Natural Stone Veneer Fireplace – Benefits of Stone Veneer

The Installation of a New Gas Fireplace Insert with a Natural Stone Veneer Surround

By Mark J. Donovan

One of the best returns on investment home improvement projects these days is the use of stone veneer in certain areas of the house.

We recently decided to, for example, to replace the fireplace surround around our built-in gas fireplace with a natural stone veneer.

Other particularly popular areas inside the home to use stone veneer include; kitchens, bathrooms, and great rooms.

Manufactured Stone Veneer

When it comes to deciding on using stone veneer you first need to decide if you are going to use faux stone veneer, or otherwise called manufactured stone veneer, or natural stone veneer.

Gas Fireplace Insert Installed Fireplace Chimney

Faux, or manufactured stone veneer, is designed to look just like natural stone, but it is less costly. Manufactured stone veneer is made out of a combination of lava rock, Portland cement, and color pigments containing iron oxide. The materials are then placed in a latex mold, representing a particular type of color of stone found naturally, and are allowed to cure.

Due to this type of manufacturing process virtually any type and color of stone can be produced that represents what can be quarried or picked from fields and rivers. For example, faux stones can be manufactured to look like grapefruit size river rocks.

Natural Stone Veneer

Natural veneer stone, as the name implies, is real stone that has simply been cut into thin slices approximately one inch thick.

The stone is typically harvested from a quarry, however, rocks can also be obtained from fields and rivers and then cut to the specific needs for the stone veneer project.

Our Natural Stone Veneer Fireplace Choice

For our natural stone veneer fireplace, we chose to go with the natural veneer stone, because faux stone simply stated still looks a bit fake, and is hollow sounding to the tap. 

Natural Stone Veneer Fireplace

Yes, the manufactured stone would have been less costly, and would probably give us an even higher return on investment, but the physical difference between faux and real veneer stone was just simply too great to skimp on price.

We looked through several stone veneer supplier catalogues, and decided on Delgado Stone’s Strip Stone Connecticut Blend. The stones are approximately 1 inch thick, +/-1/4 inch, and are about 3”-5” wide, and up to about 16 inches in length.

Cost of Installation for Natural Stone Veneer Fireplace

I went out and obtained three mason contractor quotes before choosing one. Two masons came in with quotes around $85/square foot. This price included the natural stone veneer cost, as well as the mason’s labor rate.

The third mason came in at $97/square foot. The reason for the large discrepancy was due to the fact that the third mason had no interest in also applying the natural stone veneer to the chimney chase on the outside of our house.
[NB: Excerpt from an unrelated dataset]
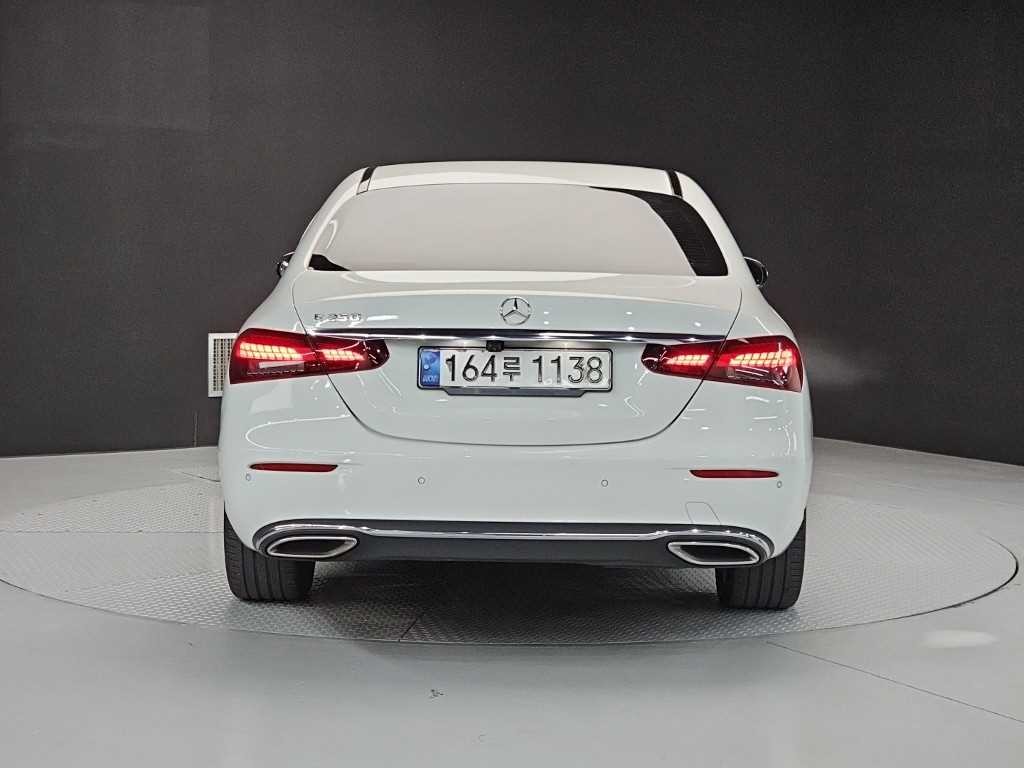 벤츠 E 클래스 E-클래스 W213 E250 아방가르드 이미지 3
The chimney chase is on a steep pitched roof and extends an additional ten feet above the roof. Quite high. So high as a matter of fact that significant scaffolding had to be erected to enable the mason to stone veneer the chimney fireplace chase.
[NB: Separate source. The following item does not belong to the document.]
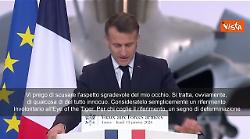 Macron sul palco con occhio gonfio scherza: Un riferimento all'Eye of the Tiger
As you can see in the picture we still need to get the mantle and hearth installed. They are on order, and we should have them in another week. Also, I will need to install some trim vertically down the sides of the stone veneer fireplace when the mantle is finally installed.

Finished Stone Veneer Fireplace

Lastly, we need to call back in the gas fireplace company to complete the installation of the new fireplace. Oh yeah, we decided to upgrade to a new and larger fireplace too, which set us back about another $8,000. Part of the scam today with installing a new gas fireplace is that it is virtually assured that the existing stainless-steel piping with the older gas fireplace insert will not be the right one for the new gas fireplace insert.
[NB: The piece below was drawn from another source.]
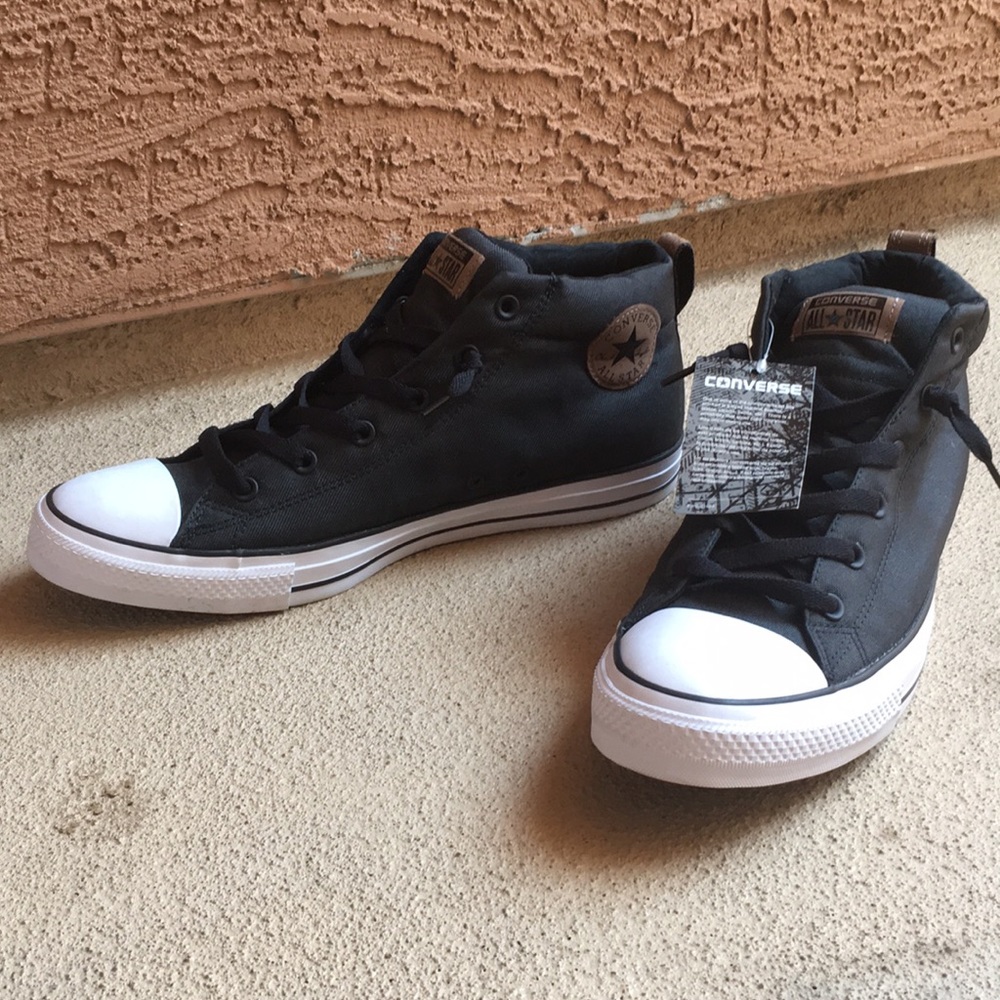 Men’s black converse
In the end, with the new stone veneer fireplace surround, as well as the stone veneer chimney chase, and the new gas fireplace insert, we anticipate it will cost a total of around $20,000 to complete the project. It is not cheap, however, due to the fact we live on a lake home in central New Hampshire, we anticipate future prospective home buyers will highly value the natural stone fireplace look, both inside and outside of the home.